**WHAT YOU SHOULD DO**
In the records below, find the line with "Roseytime Artificial Flower", then copy each line exactly until you have copied the line with "Rhyhorn (95/130) [Diamond". Leave any picture out.
***** STORED DATA
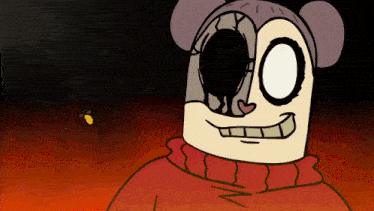 a cartoon character with a red sweater and a black eye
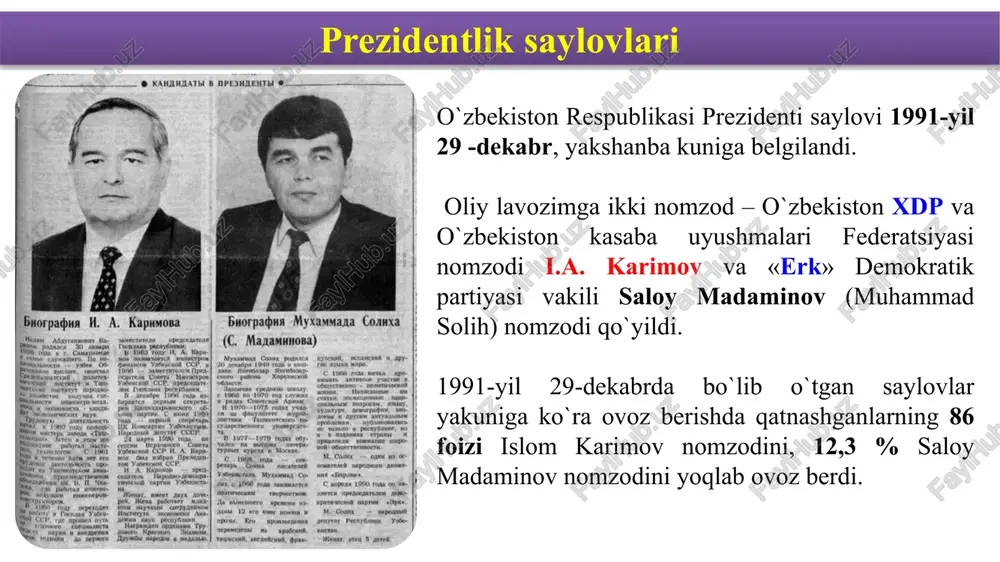 i, o'n ikkinchi chaqiriq o'zbekiston respublikasi oliy kengashining x sessiyasida 1992— yil 2-iyulda qabul qilindi. gerbning markazida qanotlarini keng yozib turgan xumo qushi tasvirlangan. bu baxt-saodat va erksevarlik ramzidir. qadim-qadim zamonlardan buyon xumo qushi o'zbek xalqi orasida odamlarni baxt-saodatga yetaklovchi kuch ramzi sifatida e’zozlab kelingan. davlat ramzlari o'zbekiston respublikasining davlat madhiyasi o'n ikkinchi chaqiriq o'zbekiston respublikasi oliy kengashining xi sessiyasida 1992-yil 10-dekabrda qabul qilindi. davlat madhiyasining matni o'zbekiston xalq shoiri abdulla oripov, musiqasi o'zbekiston xalq bastakori mutal burhonov tomonidan tayyorlangan. milliy valyuta o'zbekiston 1991-1993- yillarda sobiq itttifoqdan meros qolgan rubl zonasida bo'ldi. biroq ishlab chiqarishning pasayishi natijasida rublning qadri ham tushib bordi. o'zbekiston muomalaga milliy valyuta kiritish ishiga jiddiy kirishdi. 1993-yil 1-noyabrda o'zbekistonda so’m-kupon muomalaga kiritildi, uning kursi oldin muomalada bo'lib kelgan rublga tenglashtirilgan edi. milliy valyuta o'zbekiston prezidentining 1994-yil 16-iyunda e’lon qilingan “o'zbekiston respublikasining milliy valyutasini muomalaga kiritish to 'g ‘risida”gi farmoniga muvofiq, 1994— yil 1-iyulidan boshlab o'zbekiston respublikasining …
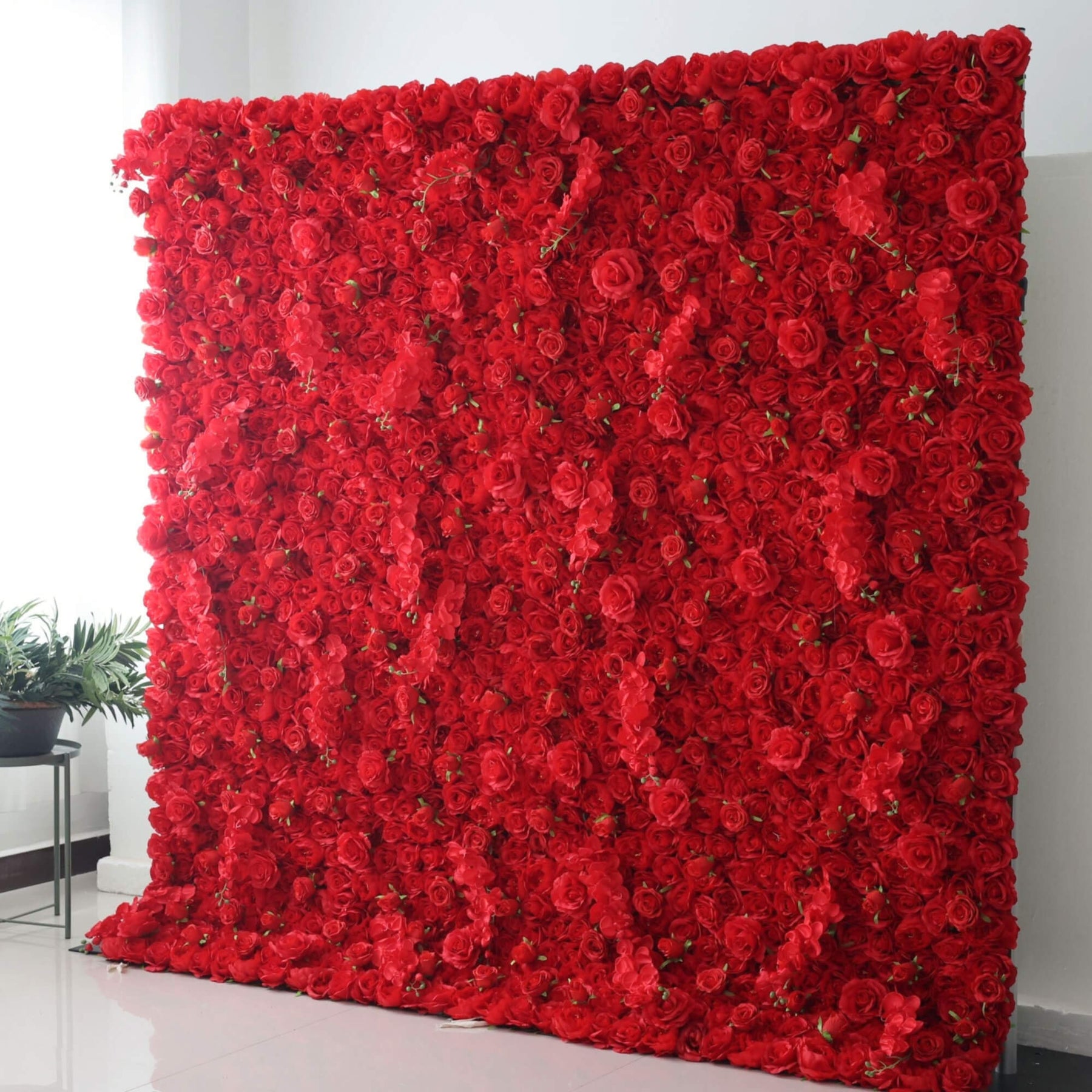 Roseytime Artificial Flower Wall Rolling Up Red Hanging Flowers Wedding Backdrop Decor for Birthday Event Party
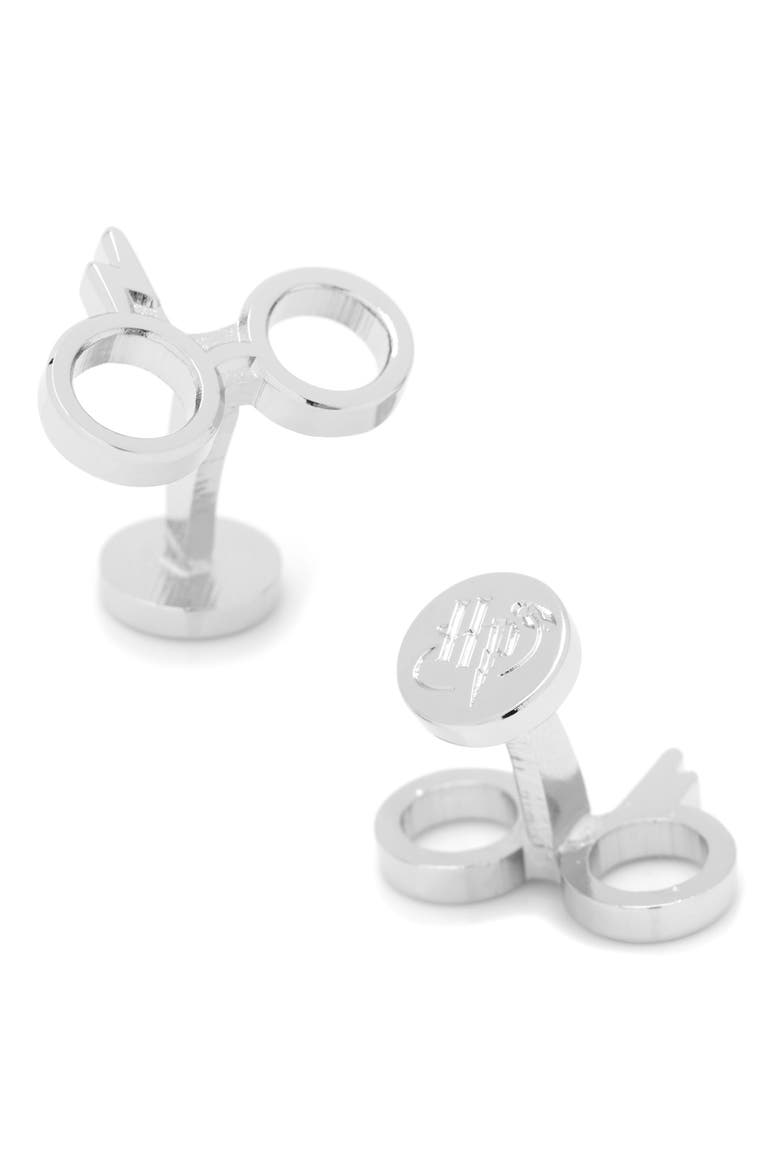 Harry Potter Glasses Cuff Links, Main, color, SILVER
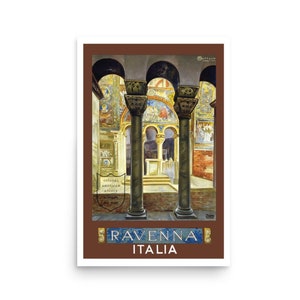 Impresión de cartel de viaje italiano vintage de Rávena, impresión de viajes mundiales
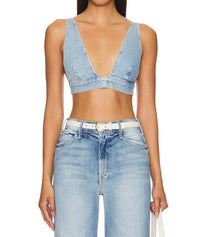 Mother Pre-loved Tit For Tat Wash Denim Bralette in i confess - women's shirt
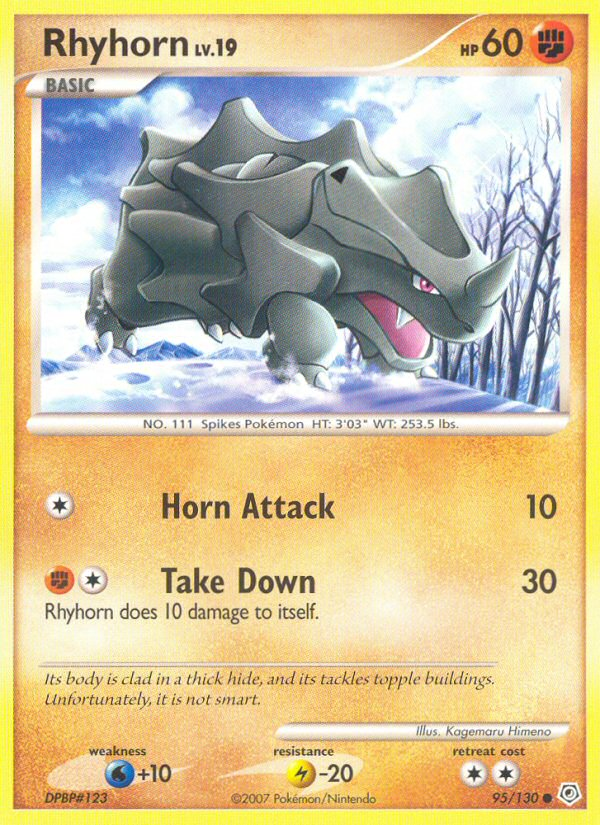 Rhyhorn (95/130) [Diamond & Pearl: Base Set] | Dragon's Lair Comics and Fantasy Houston TX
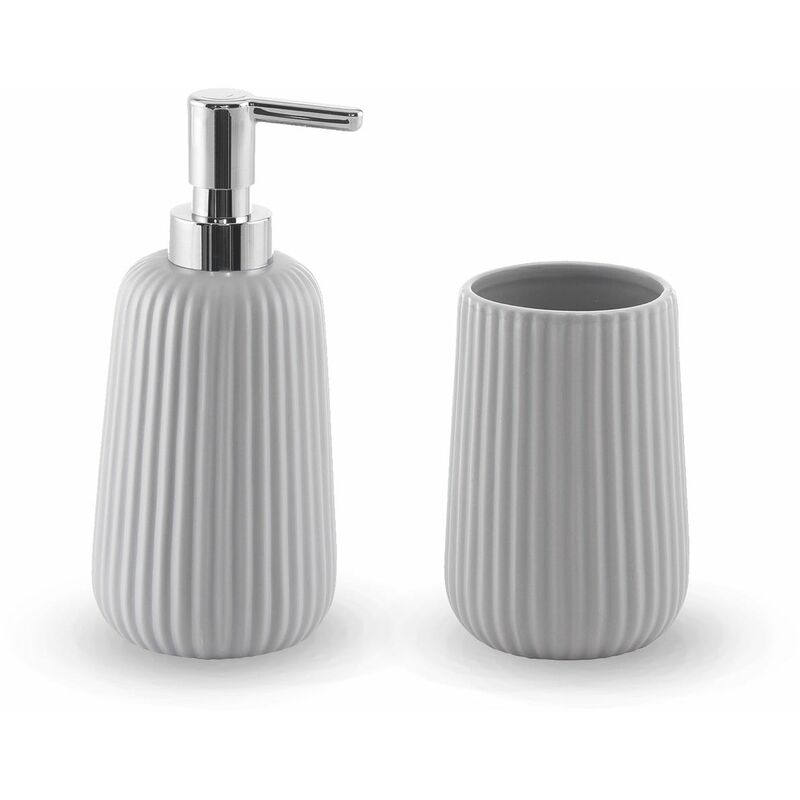 foto del prodotto kiamami valentina set accessori lavabo dosasapone e porta spazzolini grigio dory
**********
**YOUR RESPONSE**
 Roseytime Artificial Flower Wall Rolling Up Red Hanging Flowers Wedding Backdrop Decor for Birthday Event Party
 Harry Potter Glasses Cuff Links, Main, color, SILVER
 Impresión de cartel de viaje italiano vintage de Rávena, impresión de viajes mundiales
 Mother Pre-loved Tit For Tat Wash Denim Bralette in i confess - women's shirt
 Rhyhorn (95/130) [Diamond & Pearl: Base Set] | Dragon's Lair Comics and Fantasy Houston TX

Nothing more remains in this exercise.